Guard gets physical at Pa. armory

February 20, 2006|by JENNIFER FITCH

WAYNESBORO, Pa. - U.S. Army techniques developed for fighting overseas made their way to Waynesboro last week as part of an ongoing physical fitness program at the local armory.

Gym mats substituted for desert terrain as two combatives trainers, Staff Sgt. Michael Thayer and Sgt. 1st Class Joseph Paul, presented methods of hand-to-hand fighting to about 30 people, many of whom then practiced the skills under the pair's guidance.

"It's more what (soldiers) are learning in basic training," said Sgt. 1st Class Michael Wood, who hosted the trainers for the special class.


Wood started a weekly fitness program last fall to serve two purposes. In addition to getting himself and participants in shape, he wanted to remind residents of the National Guard's presence in the community.

While making a presentation at a middle school career day, Woods realized very few students knew the location of the armory. Yet, they all knew the site of the municipal pool - essentially across the street from the armory on Pa. 316.

"This armory's been here since the 1920s. They don't know where it's at," Wood said.

His Wednesday-night program typically draws four to six people, age 16 or older as required, to exercise or play a game like basketball.

The number of participants spiked last week in anticipation of the combat training, and soldiers in various stages of their careers arrived for a refresher on the techniques.

Those techniques can save a soldier's life if he goes through a door in Iraq only to find his weapon has malfunctioned, said Thayer. The nonlethal fighting techniques are used to keep the enemy submissive until a fellow soldier arrives for backup, he explained.

Thayer said many of the combatives techniques allow a soldier to put someone to sleep in three to five seconds, often by cutting off the blood supply to that person's brain.

Soldiers are finding themselves in more face-to-face situations than a few decades ago when they spent much of their time shooting from distances of 300 to 400 yards, said Thayer.

Thayer and Paul primarily emphasized ground-fighting techniques, including arm bars and chokeholds, during the class.

"We teach the ground fighting first because it's the easiest to learn and that's where 95 percent of fights end up," Paul told the participants.

"It doesn't take a lot of strength.

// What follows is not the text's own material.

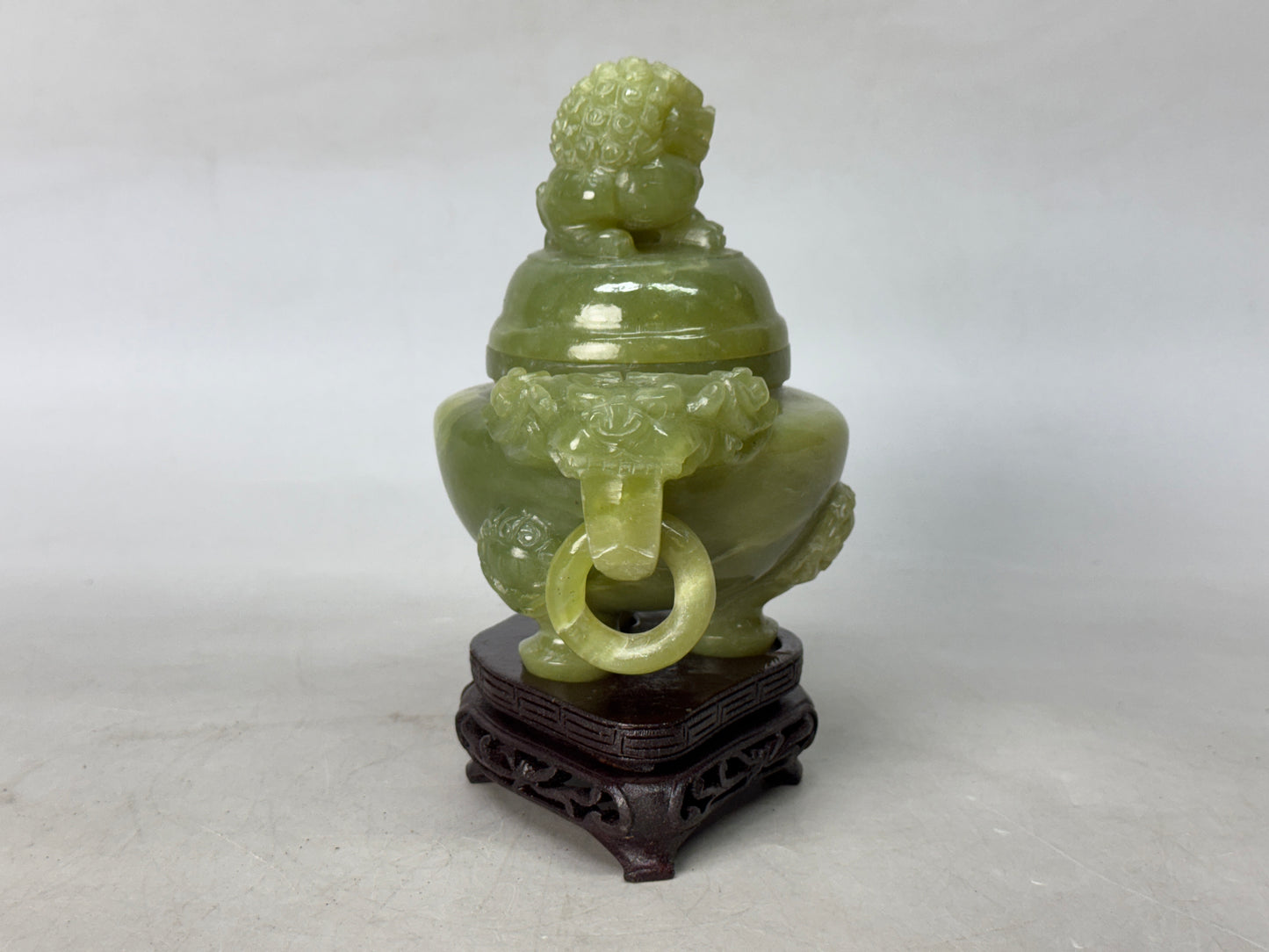 Y8783 KOURO Greenstone box Jade China art antique fragrance incense burner aroma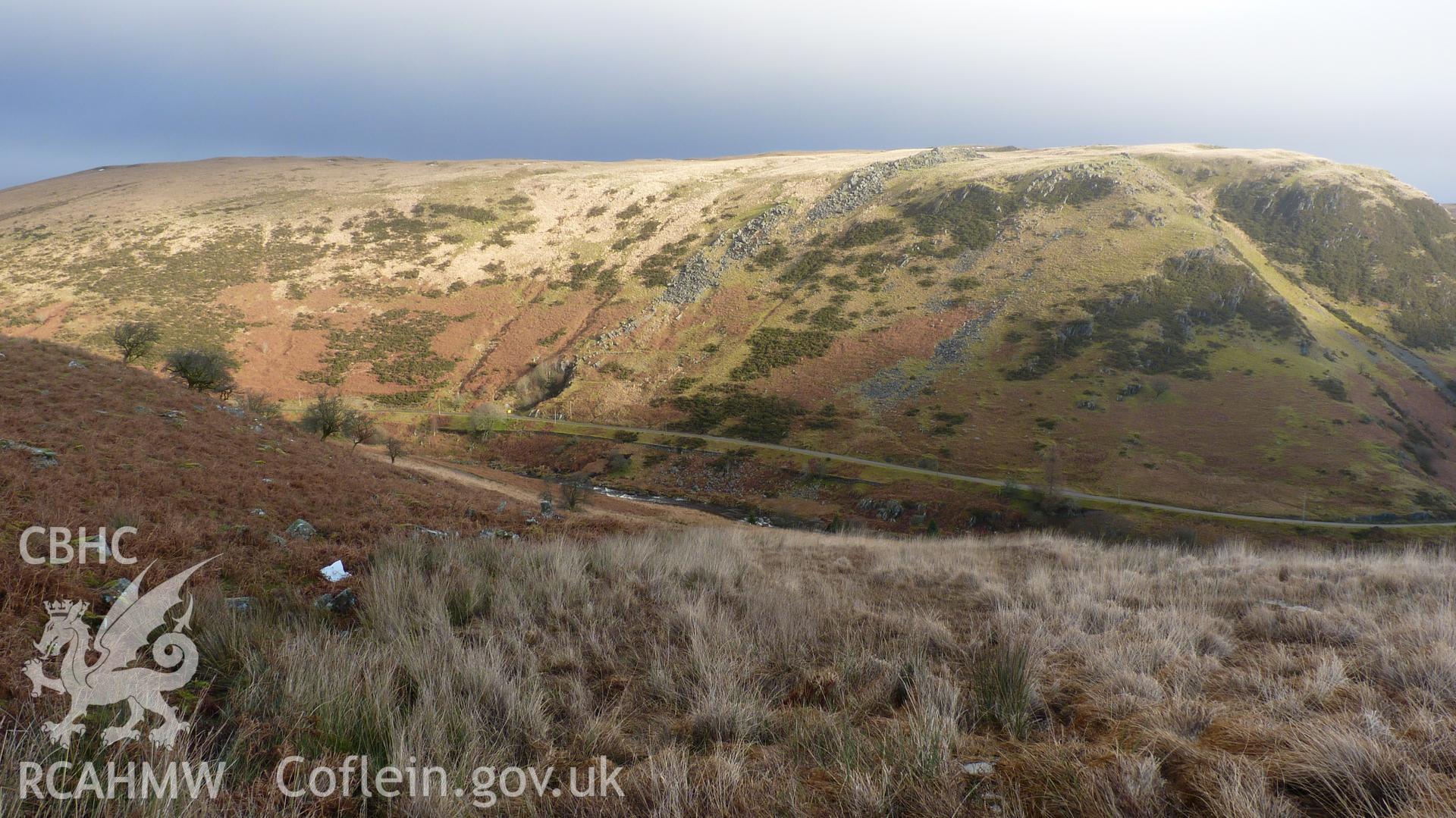 View from Cerrig Llwydion deserted rural settlement, looking north east towards penstock route. Photographed for Archaeological Desk Based Assessment of Afon Claerwen, Elan Valley, Rhayader. Assessment by Archaeology Wales in 2017-18. Project no. 2573.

That's another good thing about the techniques we teach," he said.

Pfc. Charles Stover, who finished his basic training Jan. 19, said the class reflected "the beginning steps" of what he recently learned.

Stover said he was able to incorporate his wrestling experience in the ground-fighting lessons, which he said were reviewed daily in basic training.

The participants at the armory were lucky to learn from two top combatives trainers, commented Wood, who said he will continue to offer the physical fitness program indefinitely.